Sadly one of the friends, Jon Farrow, passed away in 2017 before the project was fully realised. York Gin Company now operates with a team of four and is the city’s first gin distillery.
York Gin, a London Dry gin, was launched on the 1st March 2018, earlier this year. Their second expression York Gin Cocoa was launched on 1st August and soon after York Gin Roman Fruit on the 27th August. Four months post-launch of the classic dry York Gin it won a silver medal in Spirits Business masters 2018 and was shortlisted for three awards at the Gin Awards 2018. Phew!
Handmade in York
Recipes are developed in a dinky little copper 2L alembic column still but the gin proper is made in a copper still called Ebor, after the Roman Eboracum. All the gin is hand-made, hand bottled and labelled.

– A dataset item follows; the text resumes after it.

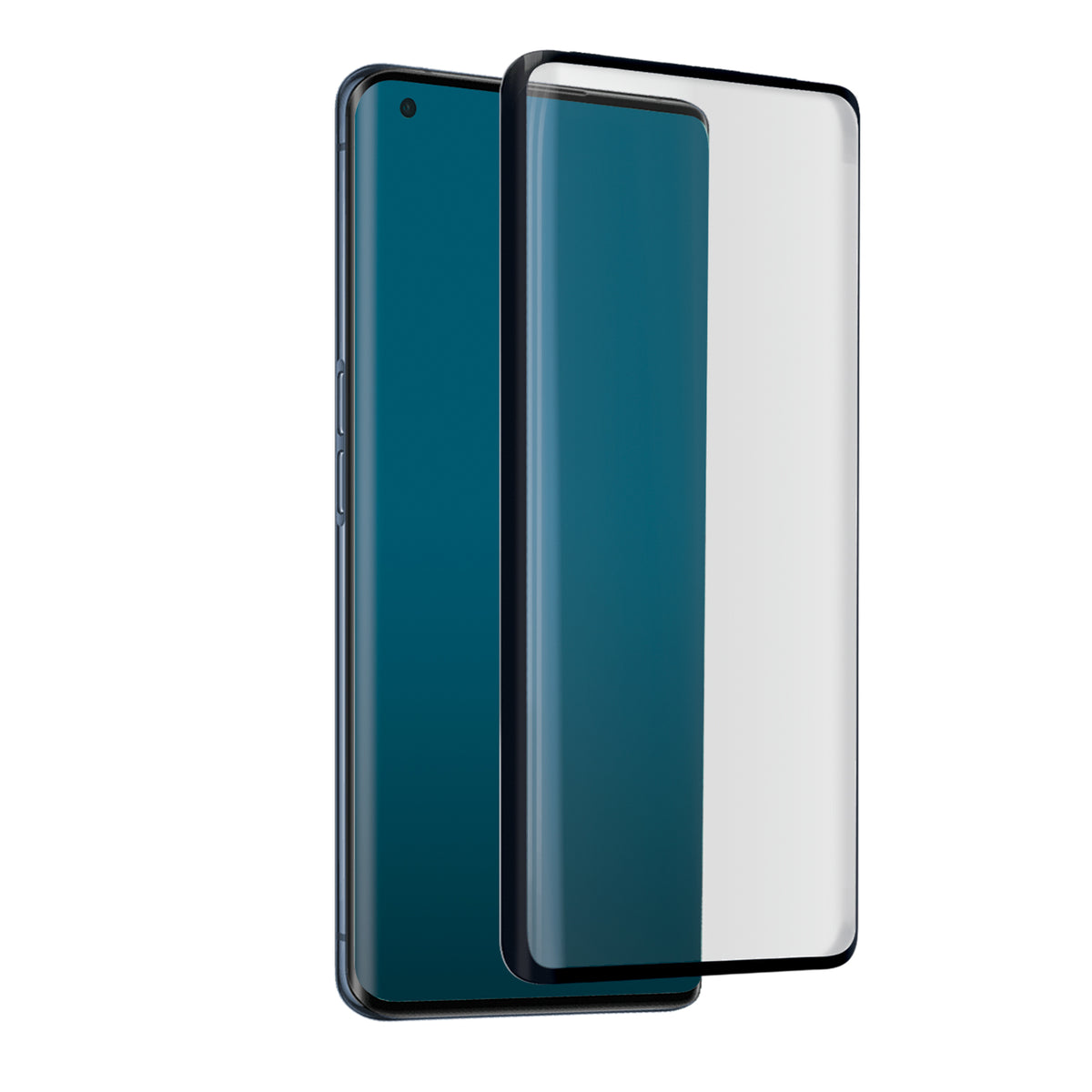 Glass screen protector 4D Full Glass per Oppo Find X3 Pro/Reno 10 Pro/10 Pro+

They have nailed the branding and bottle. The label design is a respectful nod to Yorks history with a drawing of the ancient city walls and a black cat called Rutterkin, cats being a symbol of York. Even the font was chosen for its historic credentials being a 17th century ‘Fell’ font. The bottle is a solid no-nonsense square brick.
“After months of experimenting, honing, tasting, discussing and more tasting we perfected our classic recipe that is both smooth and balanced.”
The aroma is definitely juniper and pleasantly so with a citrus and floral edge. The taste is lemon citrus up front with a traditional but not heavy juniper to follow. Cardamom is there but held back and not allowed to dominate, as it so easily could. A faint spiciness adds complexity.
It really is a very good gin served with plain tonic and a twist of lemon zest, nothing more. I enjoyed this gin immensely. It’s flavourful while remaining sophisticated and not getting carried away with the botanicals.
“You can’t compromise on your ingredients if you’re serious about making a beautiful finished product.”
York Gin Cocoa
The York Gin Company collaborated with York Cocoa Works to create a gin distilled with cocoa nibs. And if you are wondering what a cocoa nib is, as I did and had to look it up, it is the heart of the bean with the finest flavour. The gin recipe is the same as the York Dry but with the addition of Peruvian cocoa nibs, distilled not infused.
York Gin Cocoa was a surprise. I was expecting it to be quite nasty. I couldn’t see how chocolate and juniper would happily share a glass together. But I was wrong. The aroma was of chocolate but rich and dry, not cloyingly sweet. The difference was like instant coffee is to barista coffee.
The taste was junipery enough to still taste like gin but combined with a dry cocoa flavour. I served the Cocoa with a light tonic, an orange slice and a cinnamon stick. Well, you need something to poke the orange slice with. It is different and will suit contemporary ginthusiasts more than the juniper brigade but I liked it a lot.
York Gin Roman Fruit
Veni! Vidi! Bibi! I came! I saw! I drank!
Inspired by its Roman heritage, York Gin is the base in which hibiscus, apples, strawberries and berries are all infused to create a rather lovely rich red colour.
The aroma is fruity and floral with a sweet fruity taste to match. This is another contemporary gin that will please those who like their gin juniper-lite. I served it with a Mediterranean tonic, lemon zest twist and fresh raspberry.
It was my least favourite of the gins but that’s no reflection on the quality of the gin and more my personal preference. It was a well-made gin and I liked it overall.
In reading about the history of York and how these gins take reference from such a rich heritage set me wondering what next from the York Gin Company? Are we to expect a Viking inspired gin? Something tells me it won’t be long before a new expression is galloping out of the York Gates.
Many thanks to the York Gin Company for sending me a delightful trio of their gins. This article represents my honest views. And would I buy a bottle? You bet. I’m off to buy the York Gin original, my favourite of the three.